(Saved data entries)
===
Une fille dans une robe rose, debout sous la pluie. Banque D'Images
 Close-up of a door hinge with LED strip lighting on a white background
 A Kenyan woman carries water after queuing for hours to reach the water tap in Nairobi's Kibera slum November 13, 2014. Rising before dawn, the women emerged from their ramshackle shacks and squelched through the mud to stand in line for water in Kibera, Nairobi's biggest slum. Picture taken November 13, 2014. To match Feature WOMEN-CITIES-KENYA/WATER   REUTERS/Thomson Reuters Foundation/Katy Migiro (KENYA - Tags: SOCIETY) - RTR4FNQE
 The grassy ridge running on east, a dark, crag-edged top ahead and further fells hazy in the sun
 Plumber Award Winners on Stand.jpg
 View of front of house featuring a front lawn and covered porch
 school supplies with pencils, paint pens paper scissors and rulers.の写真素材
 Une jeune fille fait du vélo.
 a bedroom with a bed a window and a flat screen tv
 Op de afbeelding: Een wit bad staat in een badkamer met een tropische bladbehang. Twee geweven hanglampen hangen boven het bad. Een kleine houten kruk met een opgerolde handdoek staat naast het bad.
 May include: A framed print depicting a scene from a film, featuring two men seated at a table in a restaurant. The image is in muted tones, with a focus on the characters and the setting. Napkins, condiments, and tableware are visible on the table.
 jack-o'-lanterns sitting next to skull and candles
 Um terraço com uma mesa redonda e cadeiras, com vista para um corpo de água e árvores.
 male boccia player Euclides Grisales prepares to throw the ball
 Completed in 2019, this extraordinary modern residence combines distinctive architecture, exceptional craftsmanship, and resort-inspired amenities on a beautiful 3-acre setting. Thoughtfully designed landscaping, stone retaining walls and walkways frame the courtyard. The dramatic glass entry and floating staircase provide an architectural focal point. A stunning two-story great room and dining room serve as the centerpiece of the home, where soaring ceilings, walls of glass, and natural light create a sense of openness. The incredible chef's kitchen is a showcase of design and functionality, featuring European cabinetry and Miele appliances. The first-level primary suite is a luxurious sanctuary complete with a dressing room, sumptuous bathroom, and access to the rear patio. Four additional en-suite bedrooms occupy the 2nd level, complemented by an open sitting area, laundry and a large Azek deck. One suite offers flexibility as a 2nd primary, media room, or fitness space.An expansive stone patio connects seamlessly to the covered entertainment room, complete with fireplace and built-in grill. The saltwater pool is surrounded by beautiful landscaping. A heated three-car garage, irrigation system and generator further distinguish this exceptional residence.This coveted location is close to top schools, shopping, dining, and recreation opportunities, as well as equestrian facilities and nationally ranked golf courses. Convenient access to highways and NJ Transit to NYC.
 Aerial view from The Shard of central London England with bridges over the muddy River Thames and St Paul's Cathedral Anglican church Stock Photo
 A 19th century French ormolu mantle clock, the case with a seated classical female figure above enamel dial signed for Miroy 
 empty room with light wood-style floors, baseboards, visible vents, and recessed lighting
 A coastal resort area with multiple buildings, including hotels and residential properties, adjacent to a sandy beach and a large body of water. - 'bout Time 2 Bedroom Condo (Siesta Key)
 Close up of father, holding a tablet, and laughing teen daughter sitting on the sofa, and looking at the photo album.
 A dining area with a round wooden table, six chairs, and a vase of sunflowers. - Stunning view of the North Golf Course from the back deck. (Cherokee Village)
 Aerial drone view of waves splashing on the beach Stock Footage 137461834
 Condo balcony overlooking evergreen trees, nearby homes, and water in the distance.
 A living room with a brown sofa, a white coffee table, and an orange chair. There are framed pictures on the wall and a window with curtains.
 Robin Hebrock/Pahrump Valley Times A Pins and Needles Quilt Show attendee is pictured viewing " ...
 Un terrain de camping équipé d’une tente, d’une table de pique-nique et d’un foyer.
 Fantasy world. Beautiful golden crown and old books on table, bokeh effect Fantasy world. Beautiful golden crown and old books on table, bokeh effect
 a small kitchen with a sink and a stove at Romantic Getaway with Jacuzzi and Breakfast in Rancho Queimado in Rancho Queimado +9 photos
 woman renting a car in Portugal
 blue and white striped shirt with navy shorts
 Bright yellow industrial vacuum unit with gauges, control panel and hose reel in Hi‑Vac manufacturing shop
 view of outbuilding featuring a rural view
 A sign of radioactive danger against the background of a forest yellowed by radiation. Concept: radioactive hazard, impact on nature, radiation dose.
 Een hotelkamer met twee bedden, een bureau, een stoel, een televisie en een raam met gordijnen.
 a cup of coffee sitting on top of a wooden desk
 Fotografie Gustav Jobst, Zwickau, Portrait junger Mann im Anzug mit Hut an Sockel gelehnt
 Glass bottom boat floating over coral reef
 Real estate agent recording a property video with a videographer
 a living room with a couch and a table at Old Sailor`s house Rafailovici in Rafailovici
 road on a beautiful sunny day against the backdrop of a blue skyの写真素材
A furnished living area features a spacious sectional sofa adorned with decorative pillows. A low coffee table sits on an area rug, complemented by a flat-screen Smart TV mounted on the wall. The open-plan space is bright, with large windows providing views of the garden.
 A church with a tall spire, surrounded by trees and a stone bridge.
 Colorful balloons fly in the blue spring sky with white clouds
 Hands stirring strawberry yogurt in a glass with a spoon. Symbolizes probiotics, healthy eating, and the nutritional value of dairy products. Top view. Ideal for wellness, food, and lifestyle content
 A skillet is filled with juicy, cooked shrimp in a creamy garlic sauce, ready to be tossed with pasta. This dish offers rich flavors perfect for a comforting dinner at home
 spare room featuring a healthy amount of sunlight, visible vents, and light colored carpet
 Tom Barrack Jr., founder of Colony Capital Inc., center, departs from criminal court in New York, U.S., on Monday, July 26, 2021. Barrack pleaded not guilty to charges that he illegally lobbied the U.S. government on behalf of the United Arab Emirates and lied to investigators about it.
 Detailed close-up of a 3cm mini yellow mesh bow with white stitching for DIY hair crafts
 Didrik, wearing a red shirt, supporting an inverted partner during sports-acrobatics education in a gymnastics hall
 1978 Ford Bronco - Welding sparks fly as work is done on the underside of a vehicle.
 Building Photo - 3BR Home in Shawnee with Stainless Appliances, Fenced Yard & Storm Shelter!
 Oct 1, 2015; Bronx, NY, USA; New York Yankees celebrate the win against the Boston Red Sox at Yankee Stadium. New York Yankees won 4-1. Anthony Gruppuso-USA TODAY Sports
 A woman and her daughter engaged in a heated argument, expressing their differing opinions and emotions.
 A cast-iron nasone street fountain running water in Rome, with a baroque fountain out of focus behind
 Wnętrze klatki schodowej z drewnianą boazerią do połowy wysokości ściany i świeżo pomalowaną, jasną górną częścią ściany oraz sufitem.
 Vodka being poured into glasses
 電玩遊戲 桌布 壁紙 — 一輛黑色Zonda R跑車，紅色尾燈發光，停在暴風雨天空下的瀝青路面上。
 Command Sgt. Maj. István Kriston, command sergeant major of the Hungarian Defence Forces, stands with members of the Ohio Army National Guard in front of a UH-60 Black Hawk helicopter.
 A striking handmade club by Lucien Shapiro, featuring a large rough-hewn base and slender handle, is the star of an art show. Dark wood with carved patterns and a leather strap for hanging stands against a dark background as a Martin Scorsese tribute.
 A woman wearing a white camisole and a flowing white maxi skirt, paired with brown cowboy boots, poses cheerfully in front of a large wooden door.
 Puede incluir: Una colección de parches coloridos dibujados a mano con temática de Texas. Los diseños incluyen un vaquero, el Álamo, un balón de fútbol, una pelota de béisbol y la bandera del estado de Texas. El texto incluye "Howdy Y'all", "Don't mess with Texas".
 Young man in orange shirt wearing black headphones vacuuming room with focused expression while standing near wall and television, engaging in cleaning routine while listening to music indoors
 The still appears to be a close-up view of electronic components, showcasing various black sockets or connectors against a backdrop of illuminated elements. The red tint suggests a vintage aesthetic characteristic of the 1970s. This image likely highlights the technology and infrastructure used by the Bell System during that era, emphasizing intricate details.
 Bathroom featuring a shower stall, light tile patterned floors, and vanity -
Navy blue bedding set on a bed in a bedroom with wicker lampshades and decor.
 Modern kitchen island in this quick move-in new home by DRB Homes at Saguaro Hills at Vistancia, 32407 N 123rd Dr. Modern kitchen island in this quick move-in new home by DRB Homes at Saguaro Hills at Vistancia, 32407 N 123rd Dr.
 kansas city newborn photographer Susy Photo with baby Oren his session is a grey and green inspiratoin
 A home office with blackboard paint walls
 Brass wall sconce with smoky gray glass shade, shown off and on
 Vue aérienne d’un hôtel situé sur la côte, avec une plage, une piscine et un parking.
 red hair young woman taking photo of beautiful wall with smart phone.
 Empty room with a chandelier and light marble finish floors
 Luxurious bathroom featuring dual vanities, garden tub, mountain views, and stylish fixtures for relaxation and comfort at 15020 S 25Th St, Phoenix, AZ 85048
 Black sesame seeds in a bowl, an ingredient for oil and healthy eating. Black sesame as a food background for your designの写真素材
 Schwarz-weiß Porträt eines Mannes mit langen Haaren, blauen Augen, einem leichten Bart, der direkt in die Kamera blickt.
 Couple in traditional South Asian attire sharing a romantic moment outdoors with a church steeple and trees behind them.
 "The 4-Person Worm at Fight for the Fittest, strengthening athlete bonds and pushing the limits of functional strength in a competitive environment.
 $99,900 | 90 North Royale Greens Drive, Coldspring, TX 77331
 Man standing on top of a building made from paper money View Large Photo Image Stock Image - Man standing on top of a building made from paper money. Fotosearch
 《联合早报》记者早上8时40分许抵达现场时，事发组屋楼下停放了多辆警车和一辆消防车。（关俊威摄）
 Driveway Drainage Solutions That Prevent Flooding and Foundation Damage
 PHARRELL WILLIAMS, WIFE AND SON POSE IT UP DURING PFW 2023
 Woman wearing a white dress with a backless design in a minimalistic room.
===
Wherever a line contains the string "shirt", copy that line from the data.

 blue and white striped shirt with navy shorts
 Didrik, wearing a red shirt, supporting an inverted partner during sports-acrobatics education in a gymnastics hall
 Young man in orange shirt wearing black headphones vacuuming room with focused expression while standing near wall and television, engaging in cleaning routine while listening to music indoors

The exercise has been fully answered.